= DESCRIPTION OF THE TASK =
When the line with "2 Schermata Wolf Moon Wallpaper" appears below, start repeating lines exactly, and keep going through the line with "Függőszék állvány nélkül Klorin Kids szürke"; add nothing outside that span.

= SOURCE DATA =

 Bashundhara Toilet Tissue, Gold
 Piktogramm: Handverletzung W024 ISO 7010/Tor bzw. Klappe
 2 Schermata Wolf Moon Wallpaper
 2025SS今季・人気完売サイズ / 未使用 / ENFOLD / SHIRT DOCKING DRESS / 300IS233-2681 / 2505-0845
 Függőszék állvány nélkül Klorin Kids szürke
---
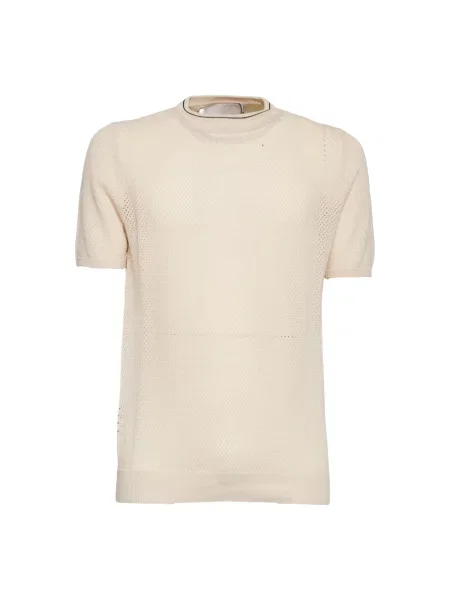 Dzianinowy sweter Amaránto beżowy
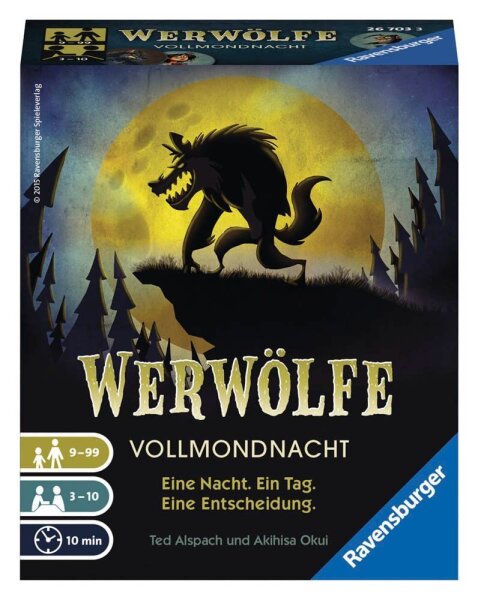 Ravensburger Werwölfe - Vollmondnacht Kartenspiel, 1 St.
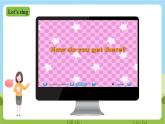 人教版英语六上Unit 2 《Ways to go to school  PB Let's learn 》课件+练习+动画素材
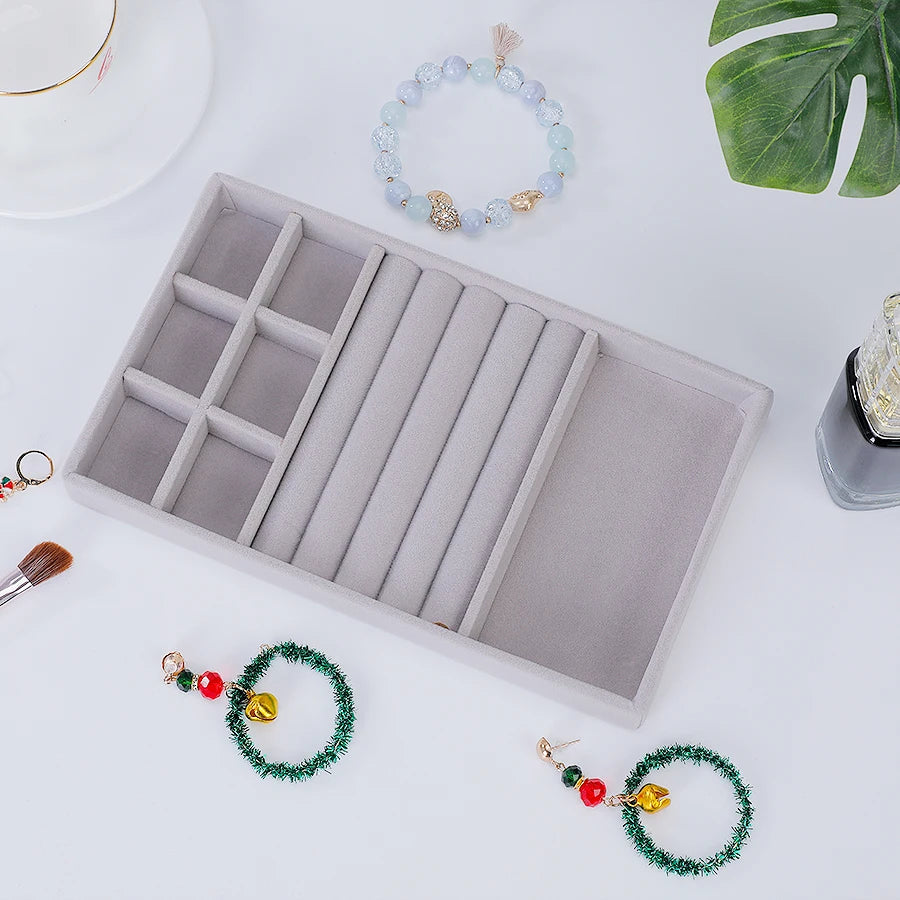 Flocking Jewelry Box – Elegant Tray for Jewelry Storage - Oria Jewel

= ANSWER SECTION =
 2 Schermata Wolf Moon Wallpaper
 2025SS今季・人気完売サイズ / 未使用 / ENFOLD / SHIRT DOCKING DRESS / 300IS233-2681 / 2505-0845
 Függőszék állvány nélkül Klorin Kids szürke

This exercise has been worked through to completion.